Contrairement à ce qu’affirme le conseiller du président, ce qui est en jeu n’est pas une politique dont des magistrats disposeraient à leur guise, au mépris d’une volonté populaire exprimée dans les urnes, mais les moyens utilisés pour la mettre en œuvre. Les trois juges du tribunal fédéral, deux nommés par des présidents républicains, dont un par Donald Trump lui-même, et un par un président démocrate, estiment en effet que celui-ci n’avait pas le droit de se prévaloir d’une loi votée en 1977 pour se lancer dans une guerre commerciale par ailleurs sans précédent dans l’histoire des Etats-Unis. Un autre juge fédéral est parvenu à la même conclusion le 29 mai.

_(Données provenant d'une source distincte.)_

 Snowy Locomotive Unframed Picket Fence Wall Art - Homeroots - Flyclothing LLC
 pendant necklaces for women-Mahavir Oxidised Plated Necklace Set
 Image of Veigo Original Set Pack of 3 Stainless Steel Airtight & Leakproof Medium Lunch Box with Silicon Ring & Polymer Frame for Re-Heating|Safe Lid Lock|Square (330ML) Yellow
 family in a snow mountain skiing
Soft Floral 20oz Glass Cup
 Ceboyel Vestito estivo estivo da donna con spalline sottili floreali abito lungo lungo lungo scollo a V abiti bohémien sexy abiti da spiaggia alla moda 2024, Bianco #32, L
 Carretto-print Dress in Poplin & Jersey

Les pouvoirs qu’accorde ce texte au président ne valent en effet qu’en cas de « menace inhabituelle et extraordinaire (…) pour la sécurité nationale, la politique étrangère ou l’économie des Etats-Unis ». Rien qui corresponde à la situation prévalant, en mars, lors du déclenchement des hostilités douanières. Il faut ajouter que cette loi relative aux « pouvoirs économiques d’urgence internationaux » avait été adoptée dans le but précis de limiter la propension du pouvoir exécutif à s’abriter derrière des déclarations d’urgence pour accroître ses marges de manœuvre. Les juges fédéraux ont estimé que la lettre et l’esprit de la loi avaient donc été violés. Aucun président avant Donald Trump n’a d’ailleurs invoqué la loi de 1977 pour justifier l’imposition de taxes douanières.

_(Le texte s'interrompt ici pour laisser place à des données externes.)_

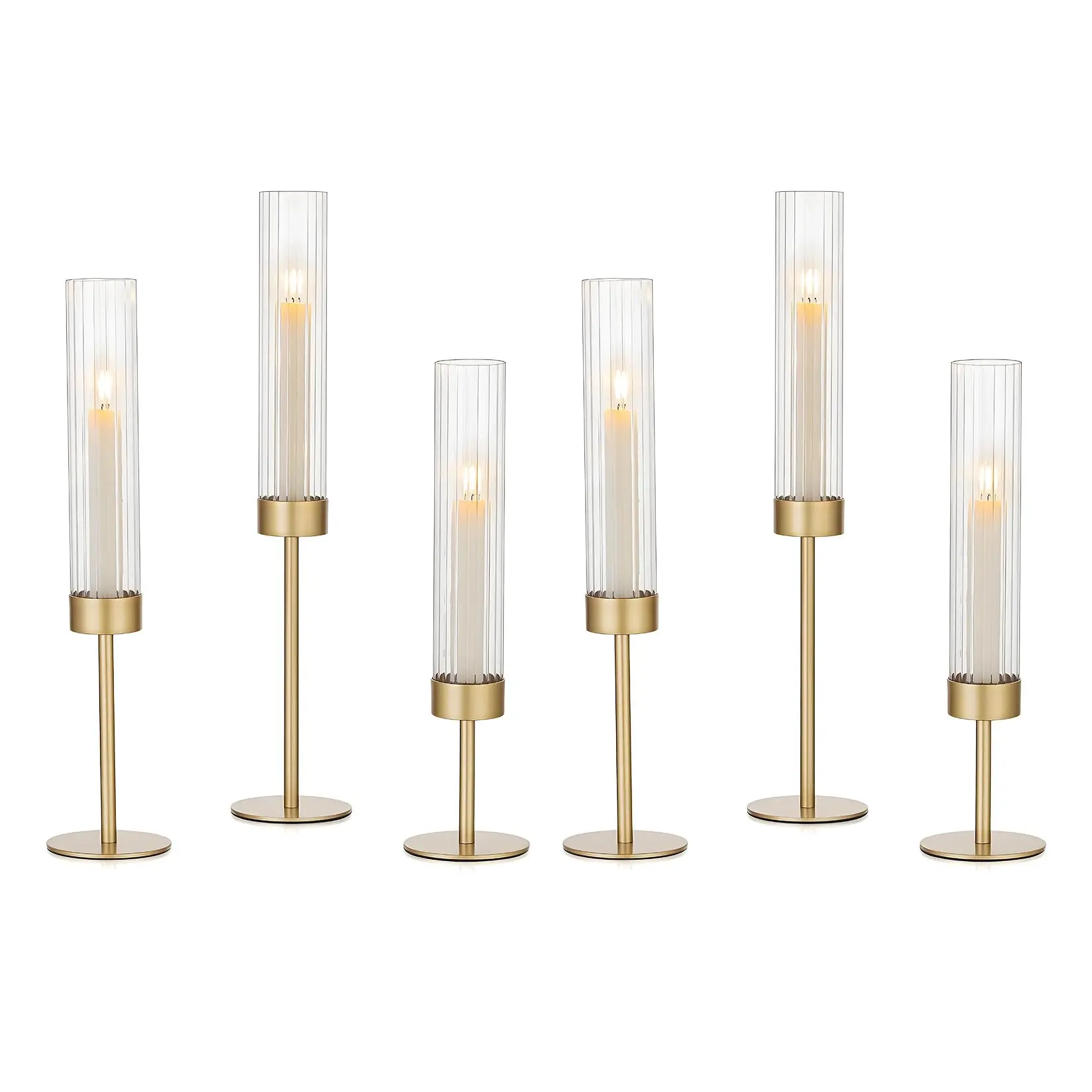 GARVEE Gold Hurricane Candle Holders Set of 6 with Ribbed Glass Cylinder Sleeves, Elegant Taper Candlestick Holders Perfect for Wedding, Birthday, Christmas, and Home Decor Centerpieces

L’immigration, théâtre d’une guérilla
Cette tentative de passage en force menace directement le Congrès, auquel la Constitution des Etats-Unis confère le pouvoir de « réglementer le commerce avec les nations étrangères ». L’équilibre des pouvoirs est donc directement affecté par la tentation autoritaire du président. Dans une République idéale, le rappel à l’ordre aurait dû venir du Congrès lui-même. Hélas, la servilité des élus républicains à l’égard de Donald Trump fait qu’ils seront les derniers à défendre leurs droits. Il revient donc à la plus haute instance judiciaire des Etats-Unis de rappeler, en dépit de sa majorité conservatrice, que dans une démocratie le pouvoir exécutif n’est pas sans limites.

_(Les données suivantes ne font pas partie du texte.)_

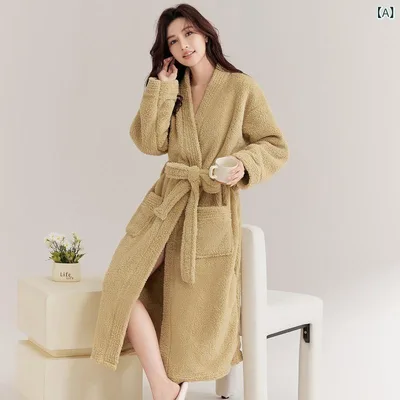 Bathrobe Women's Room Wear Fall/Winter Flannel Coral Fleece Polyester Fluffy Thick Brushed Lining Warm Warm Long Gown V Neck Pajamas Nightwear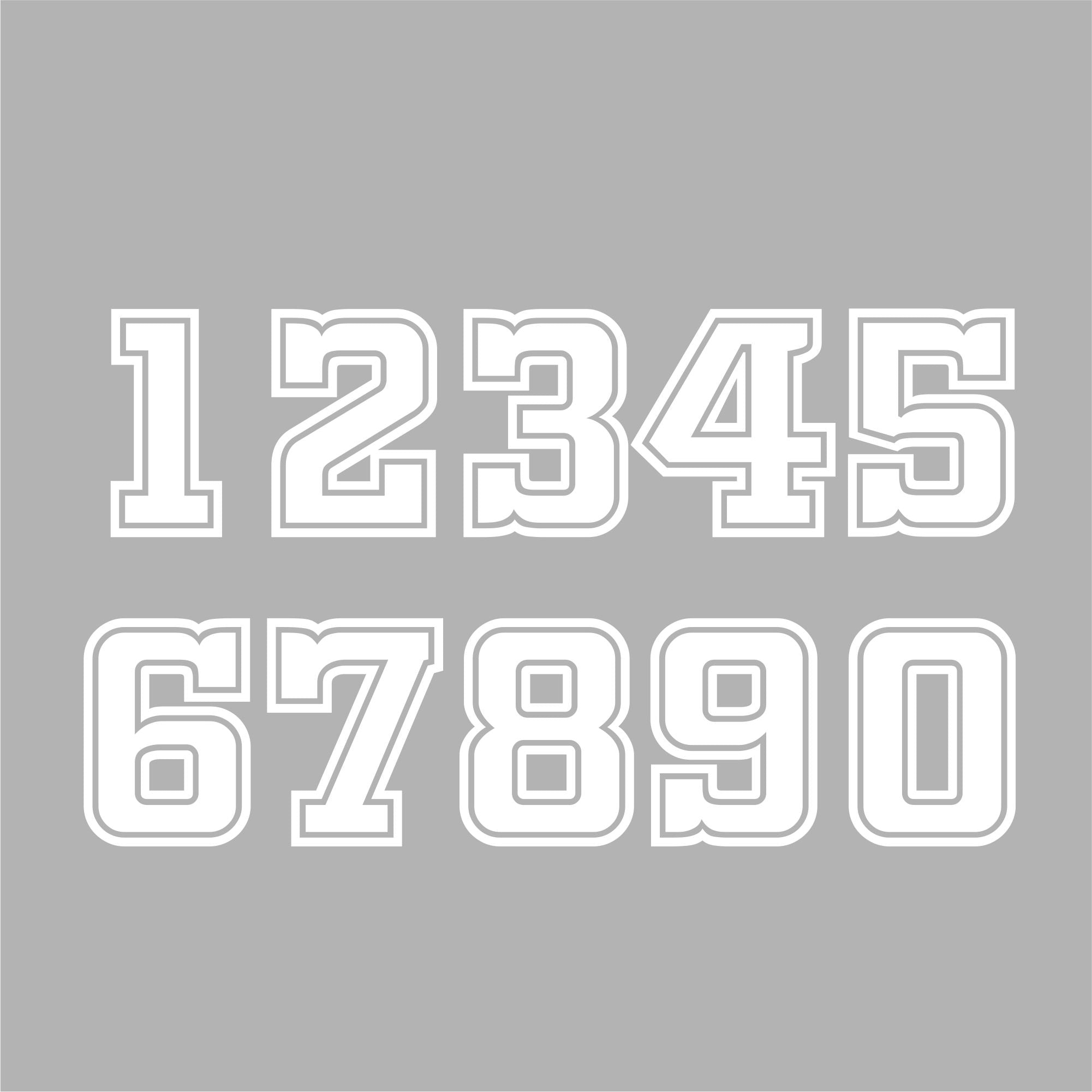 Aufkleber 3x STARTNUMMER - 8cm hoch - Wunschnummer - Motocross, Auto, Enduro, Motorrad - FOTOFOL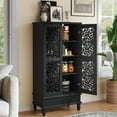 thumbnail image 3 of S-HOME Multifunctional Tall Storage Cabinet with Drawer in Antique Finish, 55 Inch Solid Wood Accent Cabinet for Living Room and Dining Room Organization, Black, 3 of 10
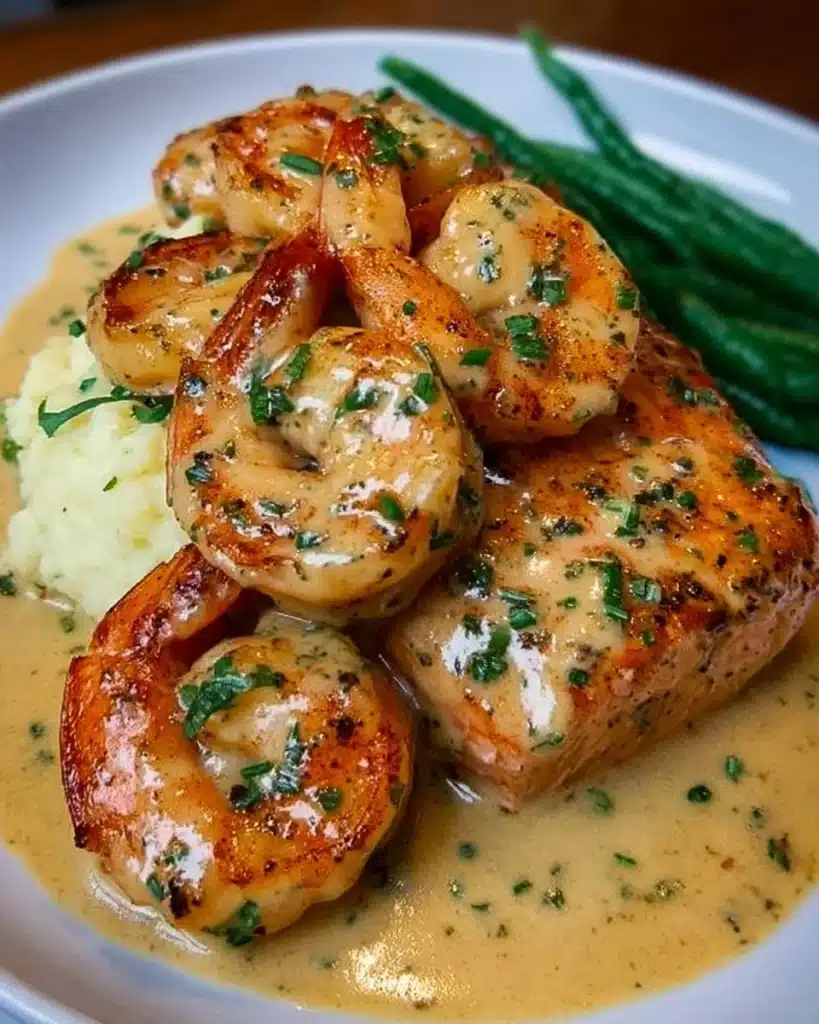 Cajun shrimp and salmon served in garlic cream sauce on a plate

S’il y a une urgence actuellement aux Etats-Unis, c’est bien d’une telle clarification, compte tenu de la volonté opiniâtre de la Maison Blanche de s’asseoir sur les normes juridiques. Le dossier de l’immigration est ainsi devenu le théâtre d’une guérilla : l’administration Trump tutoie régulièrement la crise institutionnelle en faisant peu de cas des injonctions qui lui sont adressées à la suite de l’invocation, à tort et à travers, de lois parfois antédiluviennes. Donald Trump ne peut ignorer que la grandeur de l’Amérique tient aussi au respect des principes qu’elle s’est donnés.